Heap fragmentation can lead to this behaviour.
Especially since it’s happening at unpredictable times, this would be my first point of investigation.

@ScruffR Thanks for responding. Let’s assume that Heap fragmentation is the issue for a second. That would lead me to have two questions. Why is a blinking cyan light the result of heap fragmentation and secondly, what sorts of things are the most common culprits of heap fragmentation?

Thanks!

I should also ask, I've read some older threads like this one:

And they suggest:

If the Cloud disconnects unintentionally, the Core will continue to try to reconnect to the Cloud and will block execution of user code when attempting to connect to the Cloud.

He goes on to say, to test:

For the unintentional WiFi disconnects, I find it's easiest to use a uFL Core and disconnect the antenna. To disable the Cloud, you have to do something like create a firewall setting in your router that prevents your core from seeing the internet.

But that is hard for me to do in my current situation where I don't have access to my router. This was written though in 2014. Could this also be something that would cause it to freeze?

Second part first, String objects do store their content on the heap and growing strings will cause relocation and hence small hardly reusable fragments on the heap, so heavy use of them is the most common cause for this - and many people got rid of their problems by just substituting String with char[] strings.

Now for the cyan blinking, since when a cloud connection is set up, you'll need several objects to do the communication and these will need some buffers and other stuff which will probably be stored on the heap, but if there is not enough unfragmented space, these objects can't be constructed and since the system is dealing gracefully with allocation failures you won't see the typical SOS panic which would happen in a lot of less forgivingly written code.

But I'm not saying this is the cause for the issue you're seeing, but it might be one that you might not think of but easily could cure.

BTW, flashing cyan is not considered freezing firmware.
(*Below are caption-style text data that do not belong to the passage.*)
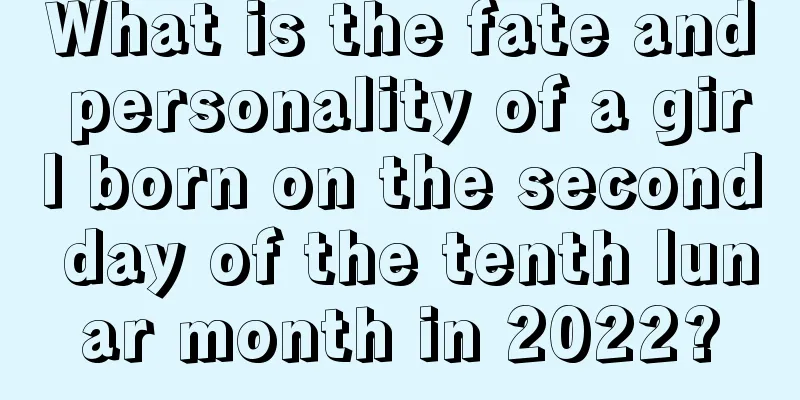 What is the fate and personality of a girl born on the second day of the tenth lunar month in 2022?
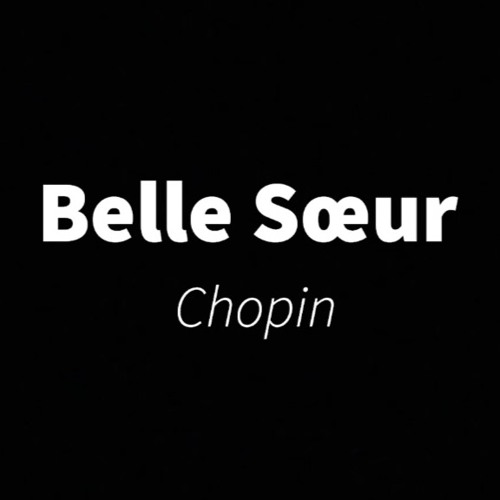 Stream Belle Soeur by Chopin Listen online for free on SoundCloud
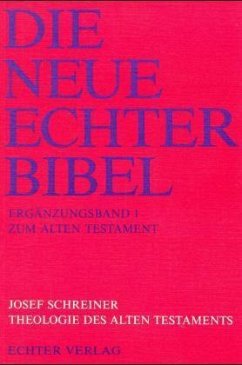 Die Neue Echter-Bibel. Kommentar / Ergänzungsbände zum Alten Testament / Theologie des Alten Testaments - Schreiner, Josef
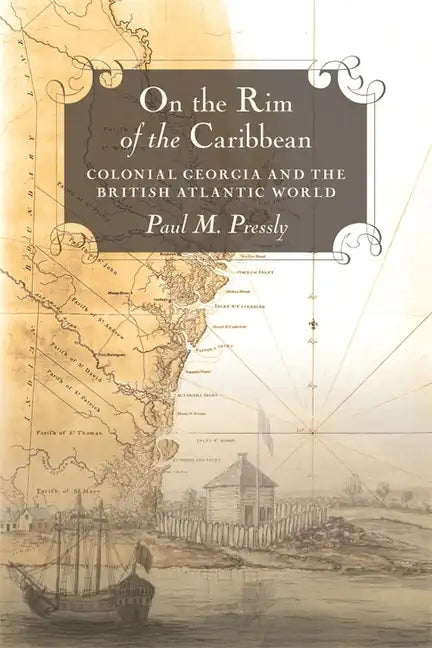 On the Rim of the Caribbean: Colonial Georgia and the British Atlantic World - Paperback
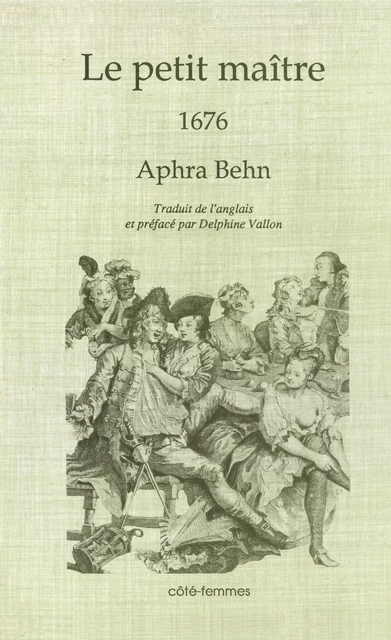 Le petit maître (1676) - Aphra Behn - Indigo - Côté femmes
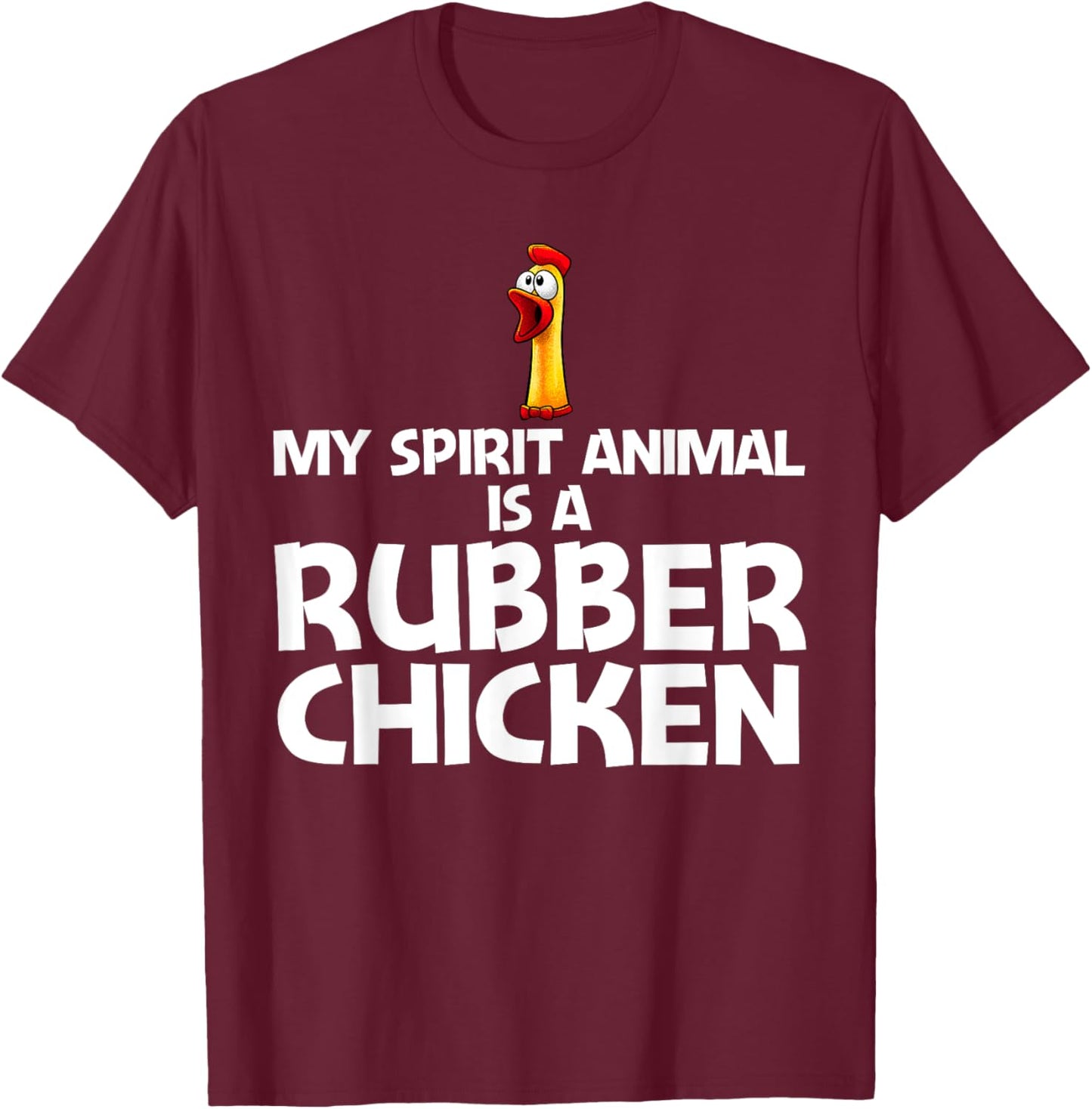 Funny Rubber Chicken Art Women Giant Rubber Chicken T-Shirt - T-Shirt | Maroon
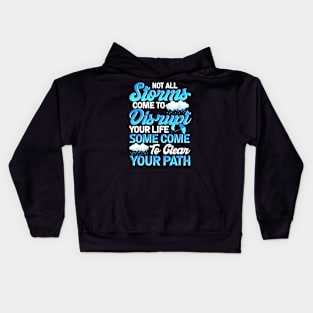 Storms Disrupt Your Life or Clean Your Path, Inspirational Kids Hoodie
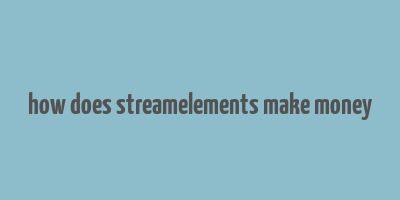 how does streamelements make money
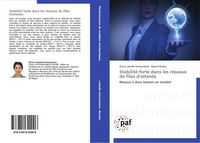 Produktbild: Stabilit&eacute; forte dans les r&eacute;seaux de files d'attente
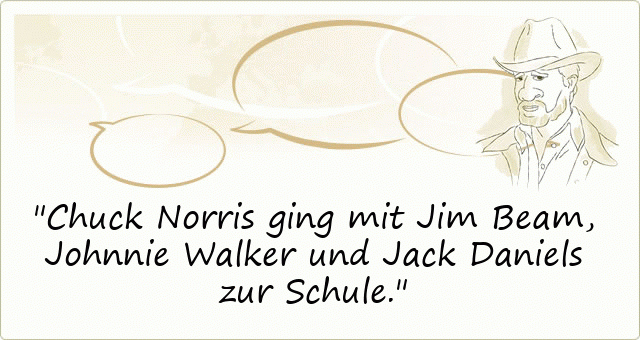 Chuck Norris ging mit Jim Beam, Johnnie Walker und Jack Daniels zur Schule.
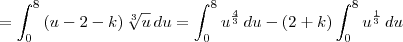 = \int_{0}^{8}\left(u - 2 - k\right)\sqrt[3]{u}\,du = \int_{0}^{8}u^{\frac{4}{3}}\,du - (2+k)\int_{0}^{8}u^{\frac{1}{3}}\,du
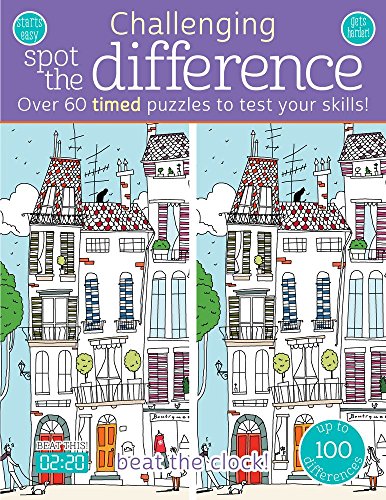 Challenging Spot the Difference: Over 60 Timed Puzzles to Test Your Skills (Challenging...Books)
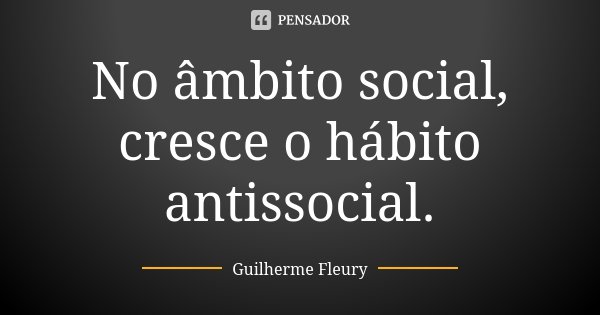 No âmbito social, cresce o hábito antissocial.... Frase de Guilherme Fleury.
A steady RGB LED would indicate frozen system.
You can also use SYSTEM_THREAD(ENABLED) to keep your own code in control whether or not the system can connect.
As you said, this was 2014 and on a Spark Core - many things have changed since (providing you've also gone with the regular system updates)

Thanks @ScruffR. I’ll take a look at using char arrays instead of Strings. Do you generally avoid the String class for this reason when working on embedded projects?

Regarding SYSTEM_THREAD(ENABLED) we are actually using this. Which is why I was confused it was giving the appearance of freezing. Not sure if knowing that gives you more or less confidence that it is Heap fragmentation causing the blinking cyan.

Exactly that.

Looking at many of the code posted on this forum, I got to the conclusion this is the most common reason for multiple "unexpainable" SOS crashes or connectivity issues.
Hence it's the first suggestion you'll get on here to remove this from the list of usual suspects.

Since you are running multi threaded your code can check for prolonged reconnection issues and take counteractions like rebooting the device.
Other causes could be related to your actual network, but are less simple to pinpoint and solve.

I think more and more our issue falls into the ‘less simple to pinpoint and solve’ category unfortunately. It appears that the issue happens more when WiFi is spotty then when it isn’t… We’ve also replaced almost all the strings in our project with char arrays and the issue seems as persistent as ever in spotty wi-fi situations. Why it is that the system will freeze despite enabling the system thread is beyond me.